Es wird Zeit zu ernten, weil man sich in 10 Monaten etwas aufgebaut hat, was beileibe nicht selbstverständlich ist. (Und jeder, der die 10 Monate intensiv und aufmerksam verfolgt hat, wird dies ähnlich sehen.) Es wird Zeit, den Aufstieg zu ernten, weil man sich diesen in den letzten Monaten in allen Belangen des Auftretens einfach verdient hat. Weil man die Spitzenmannschaft geworden ist, die man am Anfang der Saison eben noch nicht war.

Es wird Zeit, die verdiente Ernte für das lange Arbeiten, das weder im letzten Sommer (wegen der Relegation), noch in diesem Winter (wegen der kurzen Winterpause) eine längere Auszeit sah, einzufahren und sich das Bad in der Menge einer fast vollen Red Bull Arena abzuholen, von dem Spieler und Anhänger gleichermaßen träumen. Einmal noch durchbeißen und alles aufs grüne Eckige werfen, sich einmal noch zum Sieg treiben lassen und das Tüpfelchen auf das I setzen. Das Spiel gegen Saarbrücken am Samstag ist der perfekte Erntetag für die umhegte und umpflegte und letztlich aufgegangene, bunt und ansehnlich vor sich hin blühende Saat.

9 Gedanken zu „Erntezeit“

  1. 100% Zustimmung – verdient haben Sie es – haben wir es – und alle haben gehofft wenige haben daran geglaubt nun ist es hoffentlich am samstag soweit – besser kann man das eigenltich nicht “planen” :)
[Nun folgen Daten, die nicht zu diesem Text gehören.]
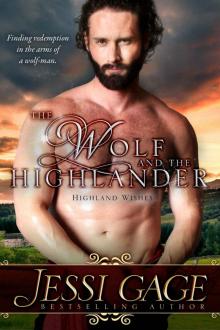 The Wolf and the Highlander (Highland Wishes) The Wolf and the Highlander (Highland Wishes)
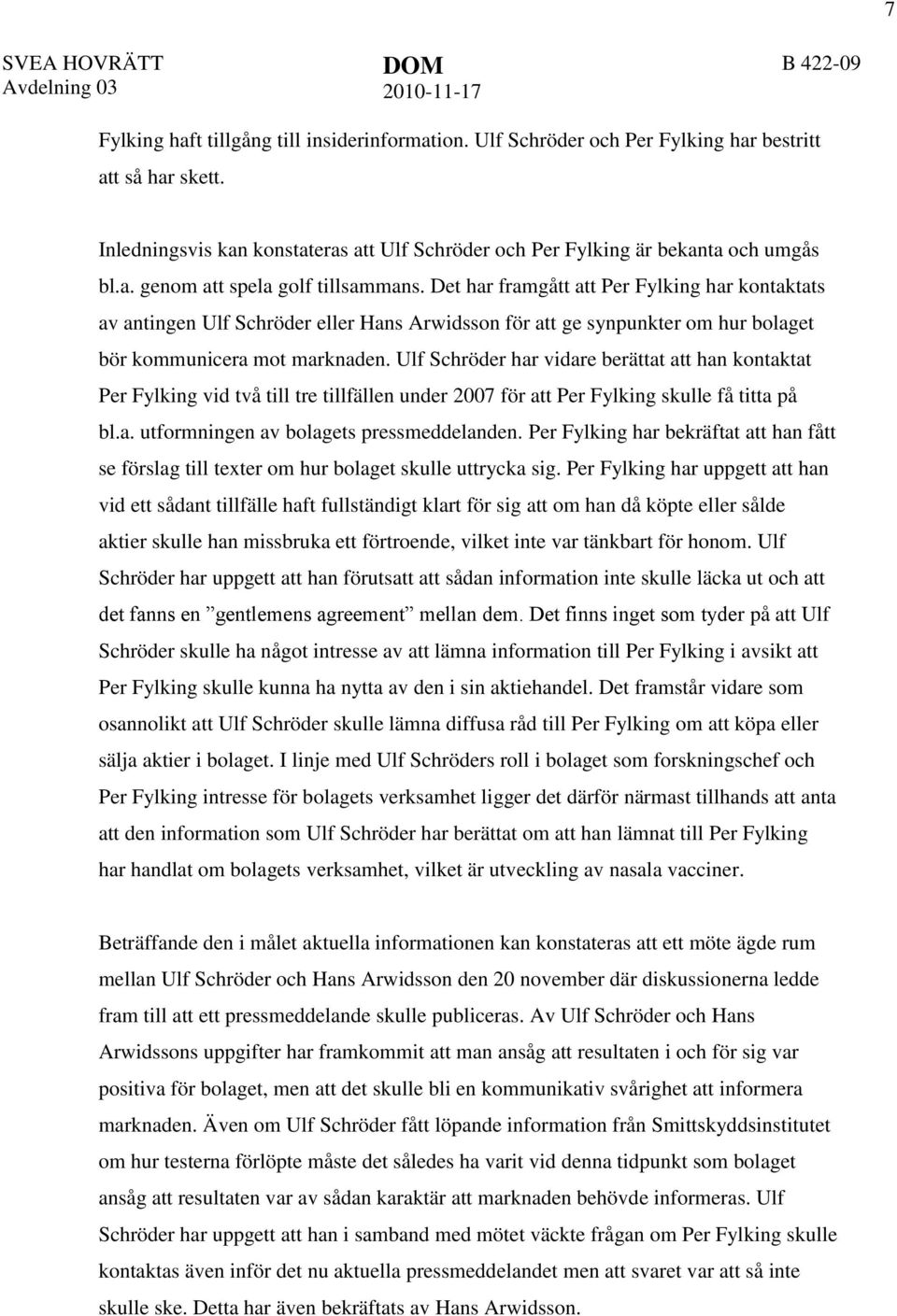 Ulf Schröder har vidare berättat att han kontaktat Per Fylking vid två till tre tillfällen under 2007 för att Per Fylking skulle få titta på bl.a. utformningen av bolagets pressmeddelanden.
  2. Mein lieber Rotebrauseblogger,
    hörst du jetzt etwa auf mit schreiben? ;-)
    Wie willst du denn diesen Beitrag noch toppen?
    Richtig Klasse. Danke.

  3. Danke für diesen tollen Beitrag, er hat die Saison und das Gefühl dass momentan herrscht gut auf den Punkt gebracht. Eigentlich müssten wir deine Leser auch mal einen Beitrag in deinem Blog schreiben, denn auch du verdienst eigentlich für deine tollen gut recherchierten Beiträge das ganze Jahr über mal ein großes fettes Lob. Ganz großes journalistisches Kino, deutlich besser als LVZ und Konsorten.

  4. So ist es wohl, danke für den empathischen Beitrag, wir sind doch wohl richtige Fans, auch ich liebe Schachtelsätze.
    Jetzt müssen wir dem E. Geyer nur noch Geographie beibringen, L.E. liegt nun mal im Osten der Republik (etwas “off topic”, aber der Geyer ist vom Neid zerfressen und schon beim FC Sachsen mehr als gescheitert, wohlwollend formuliert, heute sagt man Loser dazu), mehr sage ich hier mal lieber nicht vor dem “Endspiel des Jahres”…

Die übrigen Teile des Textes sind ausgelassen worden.